Disagree with 'don't need that much tensile strength'.
And yes, chains with lower tensile #'s do stretch and wear out quicker.
This is physics, and metal chemistry.
Match correct T.S. to your application.
<<<<<Tensile Strength…What's in it for you?
You may have already noticed that the higher the tensile strength rating of a chain, the progressively higher price tag it carries. That has to do with the costs of the component raw materials used in the chain, the manufacturing costs, heat-treating processes, the price of a barrel of Arabian crude oil, etc., etc., etc. The real question is…
"Why should you pay for a higher Tensile Strength chain?"
Here are the Main Benefits of Higher T.S.…. The useful life of any chain directly relates to the tensile strength number. The higher the number, the longer the chain will last, under the same conditions.
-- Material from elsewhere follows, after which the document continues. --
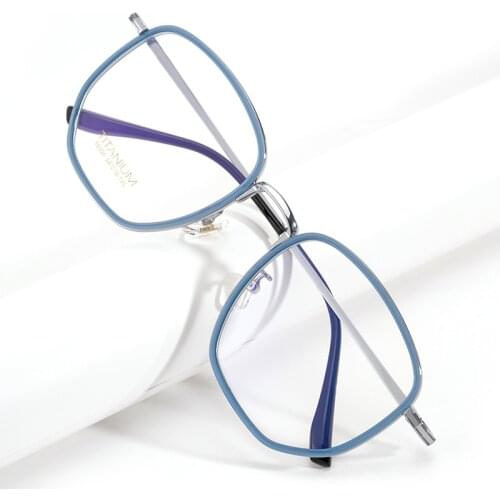 2021 New Square Titanium Glasses Frame Women Optical Myopia Prescription Eyeglasses Frame Men Lady Big Box Luxury Brand Eyewear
The higher the tensile rating, the less the chain will stretch and consequently, the less maintenance required to adjust out the resulting slack.
The greater the tensile strength the more ability the chain has to resist damage caused by shock loads imposed by hi-impact events in the drive train such as dumping the clutch at 12,000 rpm….landing full power-on from a triple…operating the drive system with excessive chain slack or loose sprocket bolts.
Here is the most overlooked, hidden benefit of high tensile: If you ride off-road, the eventual day will come when a rock of just the right size and shape finds its way in between a chain roller and a sprocket tooth. The higher the chains' tensile, the better your odds that the rock loses the contest and gets pulverized. You won't even know it happened. A lower tensile chain has a greater probability of losing the battle to the rock and the chain breaks apart.
So…. What should you buy?
The real questions you should be asking yourself………..and answer…..…are.........
1-How long are you keeping your Bike?
2-Do you like regularly adjusting greasy drive chains?
3-Do you enjoy gambling on unexpected breakdowns due to chain failure?
Category "One" Rider / Mechanic
If you are selling your machine soon, don't mind the hassle of constant chain adjustments or consider trail side emergency repairs a fun adventure…then your choice will be the lowest T.S. chain which will also be the cheapest to buy. However, it may prove much more expensive if it fails and takes out the motor cases or rear hub. But you have to be willing to take that gamble in the first place.
Category "Two" Rider / Mechanic
If you are keeping your bike for years; harbor a true disdain for adjusting chains; or prefer to limit your risks to Friday night poker or the madman next to you in a tight turn at speed…then your choice is clear…purchase well above the recommended minimum and get the highest T.S. chain you can fit into your budget…>>>>>
We're not talking a lot of $$ here either.
Even a real nice non o-ring standard chain with good tensile #'s is only $100-150, depending on what brand you like.